◆ **TASK TO CARRY OUT**
Only the text of the records belongs in the answer, copied exactly and without pictures.
GIVEN RECORDS section start
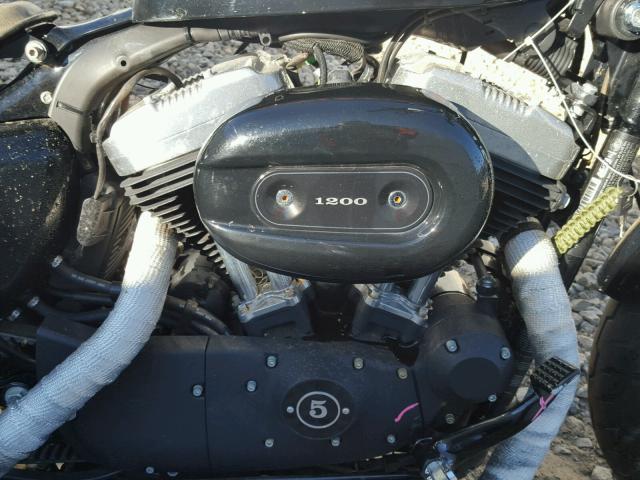 1HD1LC311CC417193 - 2012 HARLEY-DAVIDSON XL1200 FOR BLACK photo 7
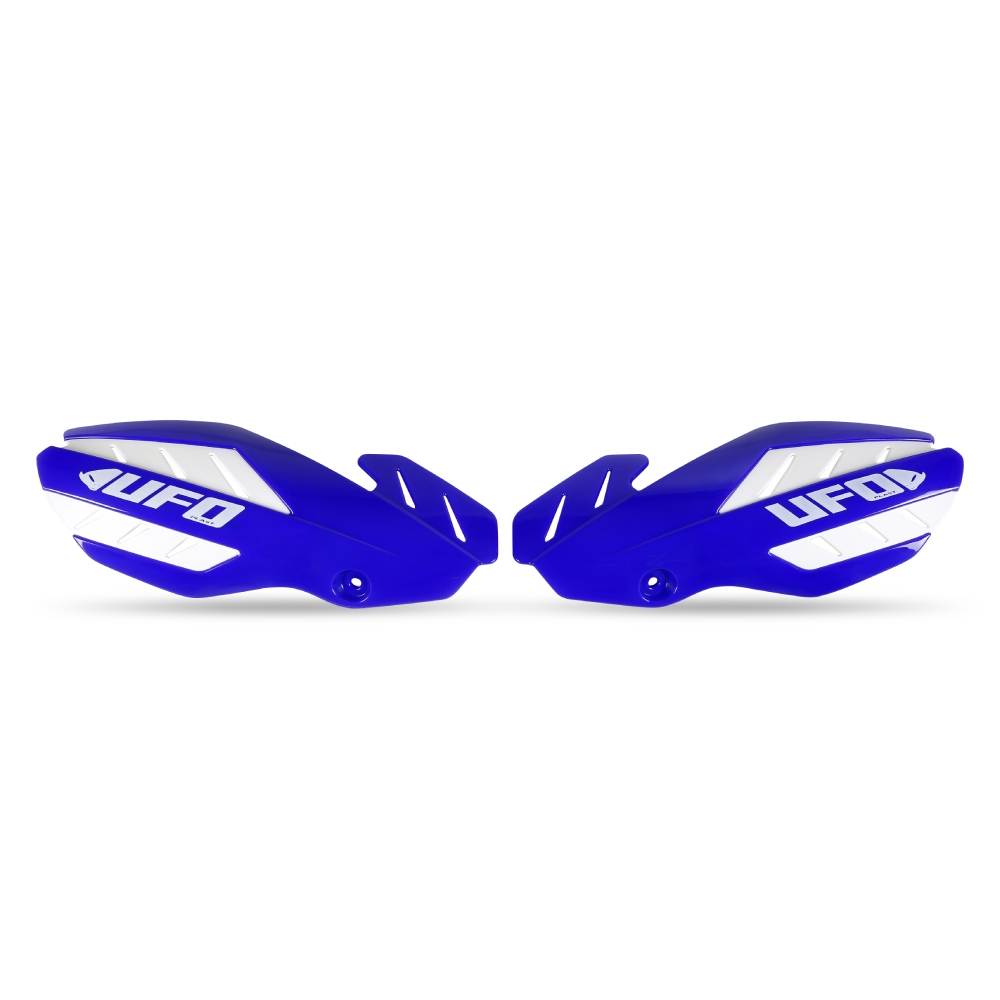 Pair of handguards UFO FLAME blue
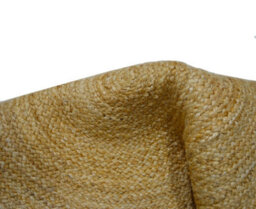 Furniturebox Uk Amir Natural Jute Round Rug 120Cm - thumbnail 4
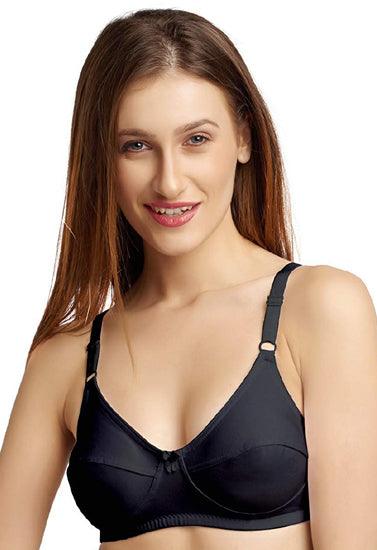 ♥Women's Comfy Fit Non Padded Bra (PK Of 2) - Purely Femme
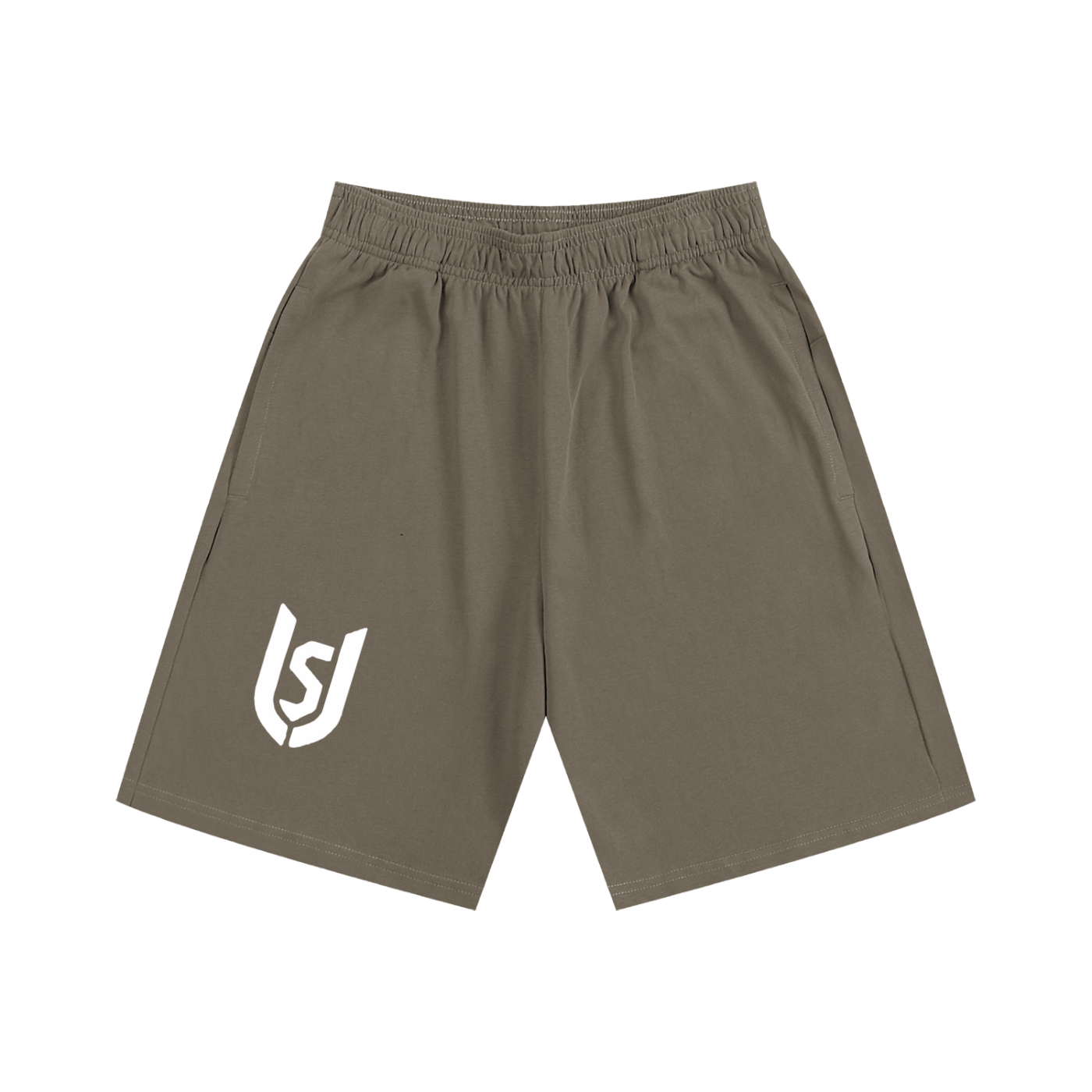 Limitless Heavyweight Cotton Shorts — 5" Inseam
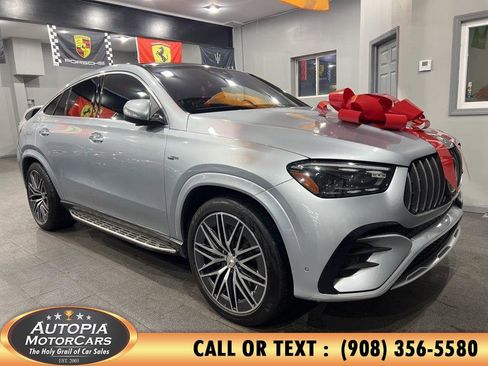 Used 2024 Mercedes-Benz GLE 53 AMG 4MATIC Coupe image 7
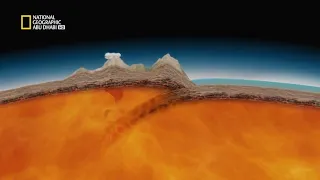 كيفية تشكل البراكين و الجبال La Formation Des Volcans Et Les Montagnes 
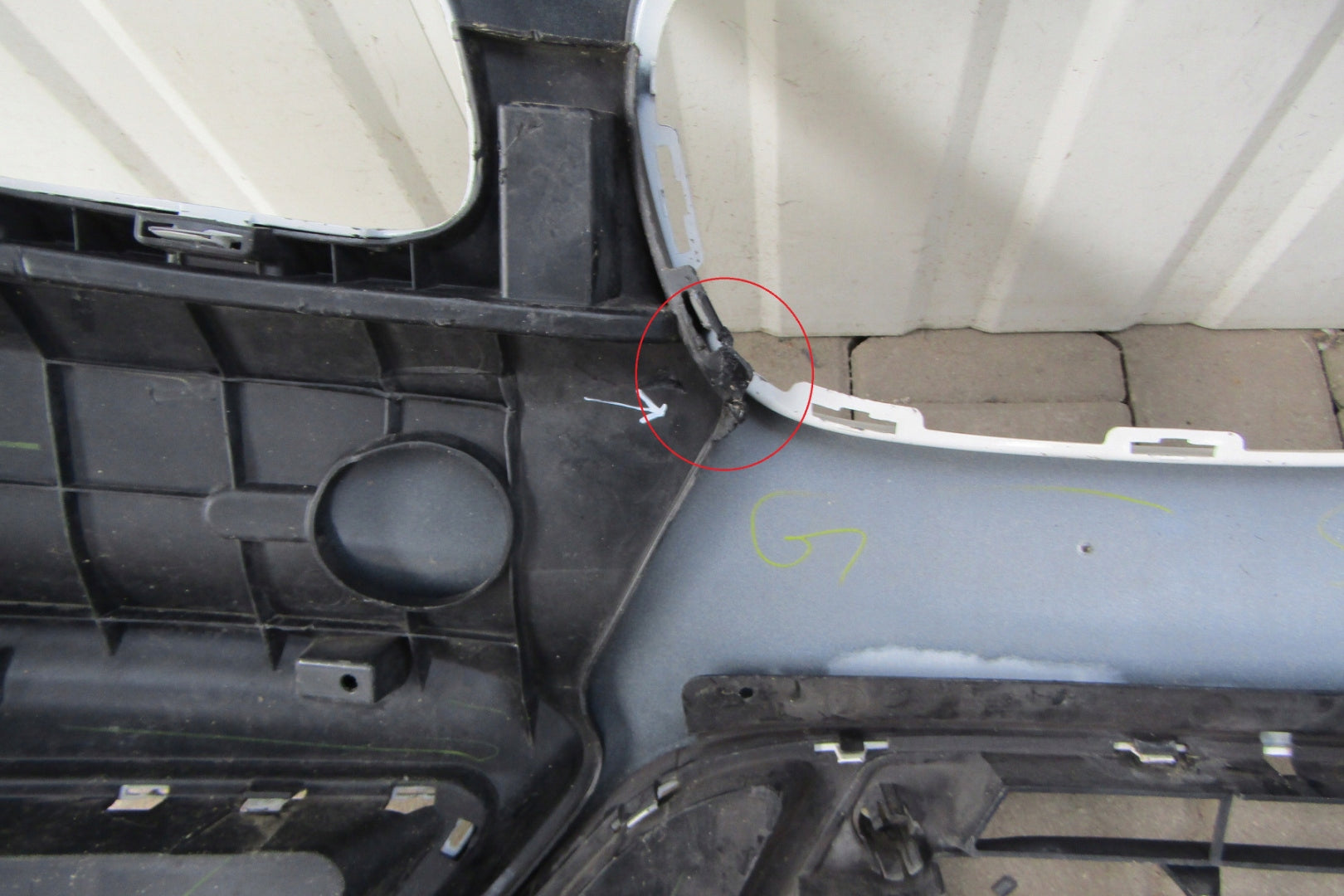 Front Bumper BMW 2 F45 F46 LUXURY LINE 14-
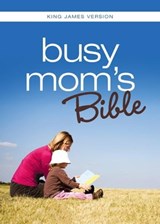 KJV, Busy Mom's Bible - Christopher D. Hudson ; Zondervan - 9780310440055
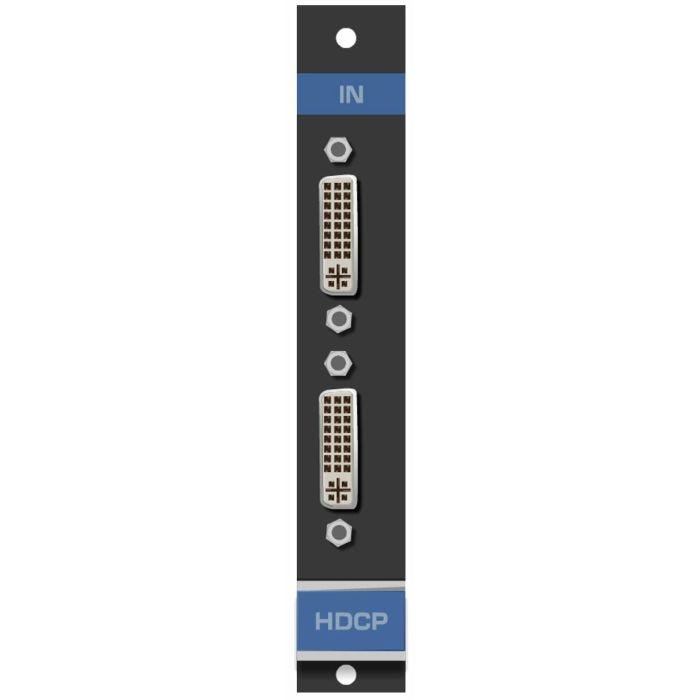 Kramer 2 channels HDCP Input Card for Frame 16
GIVEN RECORDS section end
◆ **PROBLEM SOLUTION**
 1HD1LC311CC417193 - 2012 HARLEY-DAVIDSON XL1200 FOR BLACK photo 7
 Pair of handguards UFO FLAME blue
 Furniturebox Uk Amir Natural Jute Round Rug 120Cm - thumbnail 4
 ♥Women's Comfy Fit Non Padded Bra (PK Of 2) - Purely Femme
 Limitless Heavyweight Cotton Shorts — 5" Inseam
 Used 2024 Mercedes-Benz GLE 53 AMG 4MATIC Coupe image 7
 كيفية تشكل البراكين و الجبال La Formation Des Volcans Et Les Montagnes 
 Front Bumper BMW 2 F45 F46 LUXURY LINE 14-
 KJV, Busy Mom's Bible - Christopher D. Hudson ; Zondervan - 9780310440055
 Kramer 2 channels HDCP Input Card for Frame 16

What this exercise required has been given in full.